Syracuse, New York
Kelly Gallagher received the Creative Capital Award in 2024. Kelly Gallagher is a filmmaker, animator, and Associate Professor of Film at Syracuse University. Her work is rooted in themes of resistance, struggle, political histories, and personal explorations. Gallagher’s films often explore left, revolutionary histories. At other times her films serve as confrontations themselves, resistance made visual. She is interested in film as a tool to re-open and re-discuss radical histories, and film as a tool of confrontation. She believes that film/video and animation hold an important space of potential for artists who want to create visualizations of resistance. Gallagher believes that by creating visualized representations of a world that ruptures capitalism, racism, colonialism, and systemic patriarchy, we are given the realization that such a world can even exist and that our political efforts are not in vain, but imperative.

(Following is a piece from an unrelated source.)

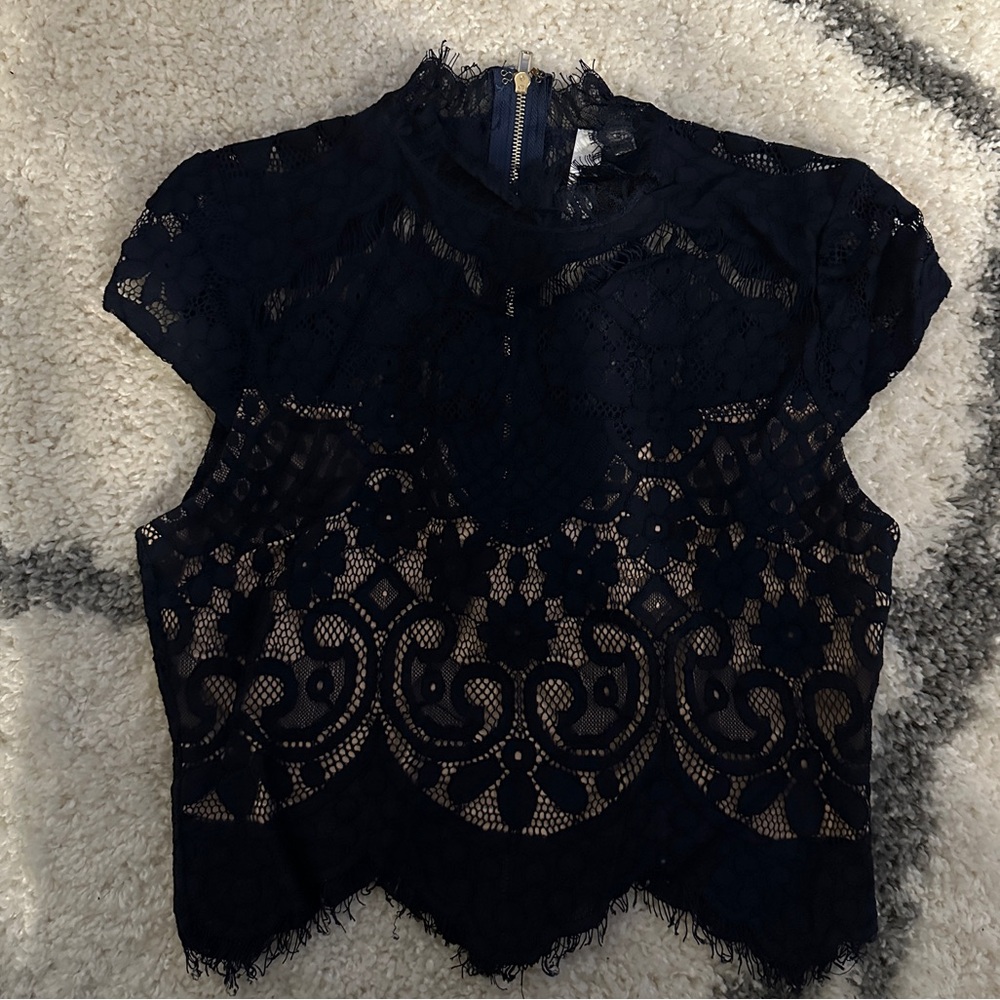 Lock & key dark blue lace crop top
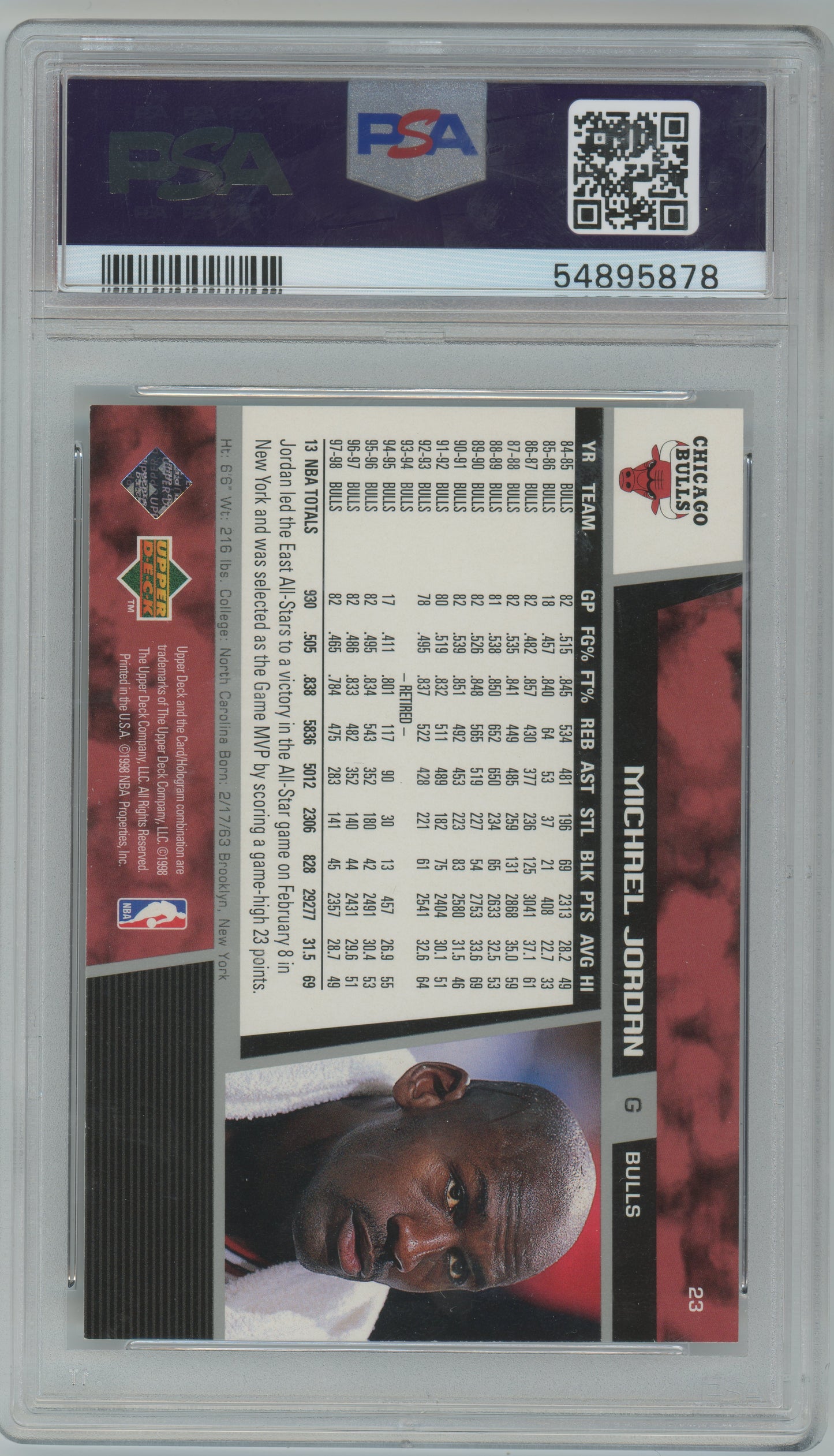 1998 Upper Deck - Michael Jordan #23 - MJ All-Star Game MVP - MJ HOFer - PSA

Her handcrafted films and commissioned animations have screened at venues including: the Museum of Modern Art, the National Gallery of Art, Sundance Film Festival, Tribeca Film Festival, and the Smithsonian Institution. Recent commissioned animations have screened on Netflix and PBS. She’s presented solo programs of her work at institutions including: SFMOMA, Close-Up Cinema London, Balkanima, Visual Studies Workshop, Aurora Picture Show, and Wexner Center for the Arts among others. She is the 2022 recipient of the Helen Hill Award from NYU’s Orphan Film Symposium. Her latest film, WE HAD EACH OTHER, about the solidarity of Irish Republican POW women, won the Research Award at the 2022 Athens International Film and Video Festival. Kelly enthusiastically organizes and facilitates fun and inclusive film workshops and camps for communities of all ages, from Kentucky to California, from New York to Iowa and beyond.
BY ALL YOUR MEMORIES
Kelly Gallagher is an experimental filmmaker and animator exploring radical histories and hopeful futures.Artist Bio
BY ALL YOUR MEMORIES, an abolitionist collage feature film, explores (1) histories of Irish and Palestinian solidarity, (2) the politics of early Irish immigrants in America regarding the abolition of slavery, and (3) the assassination of Robert Kennedy and subsequent incarceration of Palestinian Sirhan Sirhan. Using collage filmmaking strategies, oscillating between super 8mm film, found footage, and handcrafted experimental animation, Kelly Gallagher asks her audience to engage with competing historical narratives. As an anti-capitalist and prison abolitionist who grew up in an Irish-American Catholic household, stories of Irish resistance have always surrounded Gallagher. When she recently learned about RFK’s assassination and Sirhan’s conviction, she was motivated to examine the historical relationship between Palestine and Ireland and the complexities of their legacies of solidarity. Gallagher’s film asks: what can transnational solidarity look like? How did so many Irish forget their leftist, anti-colonial radical roots and politics as soon as they came over to America? Why is Sirhan still imprisoned? What could the abolition of prisons make space for in a new world?